Wednesday, April 27, 2011

Resilience

When you are developing software, one problem you don’t want is for an error to occur but the processing continues until things get completely scrambled. This makes it really hard to track down the ‘where’, ‘when’ and ‘why’ of the initial error.

With that in mind, we often build systems to stop immediately on the first suspicion result. Doing this makes it easy to find the problem and forces you to fix it before it goes into production. It helps in building better quality at a faster pace.

However useful, this is the worst thing for a real production system. If some small piece is broken, you don’t want the whole system grinding to a halt in the middle of the night. That type of extreme reaction will only create a slew of secondary problems, which will result in a lot more time being consumed than necessary. Since time is a scarce resource in IT, we have to use it wisely.

Systems should be resilient. They should continue working were possible. Actions, data, etc. should be atomic, so that ordering or partial completion doesn’t matter. Failures should be monitored, but routed around, to insure that small problems don’t escalate into major issues. Small problems are the norm for most computing environments.

A lot of thinking has gone into our industry. We have concepts like transactions, and the ACID properties that exist to make sure we sub-divide the processing in a way that failures are isolated. We’ve been building fault tolerant systems for decades. Together, this body of knowledge allows organizations like Google to massively distribute their systems in a way that significantly reduces the impact of hardware or software problems. These are well-understood, well-documented issues.

Clearly since we need both types of error handling, the choice of how to handle errors differs depending on the context. A system in development should stop immediately, while one in production should make every effort to keep going. A well-written system also ‘silos’ its functionality so that problems in one area of the system don’t overflow into others.
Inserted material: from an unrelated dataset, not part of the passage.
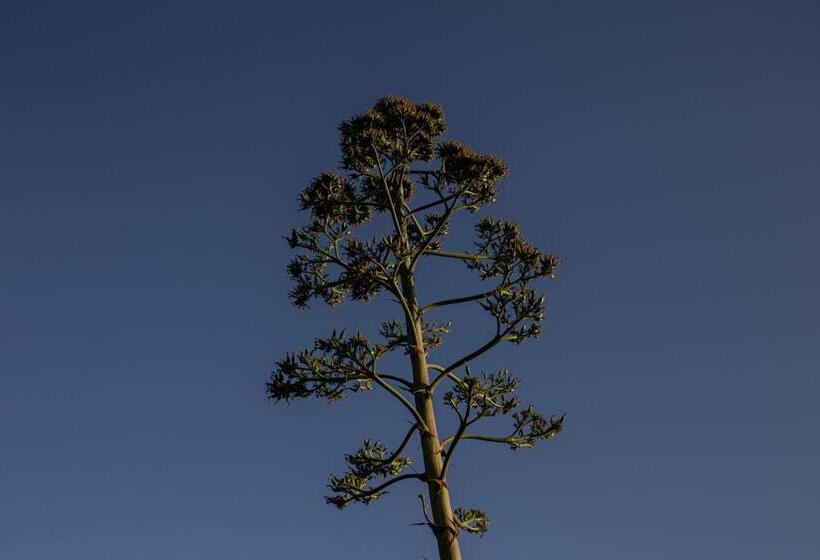 Agriturismo Podere L'agave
All systems should have these two basic modes of operation. This obviously makes coding a little more difficult and adds to the amount of work, but if done well, it can reduce the operational and support efforts. Software always has bugs, so it is important to accept this and build with that in mind. Also, operations personal are users of the system. A well-written system not only makes it easy for the user’s to accomplish their tasks, but it also makes it easy to deploy and keep running. Both goals are important.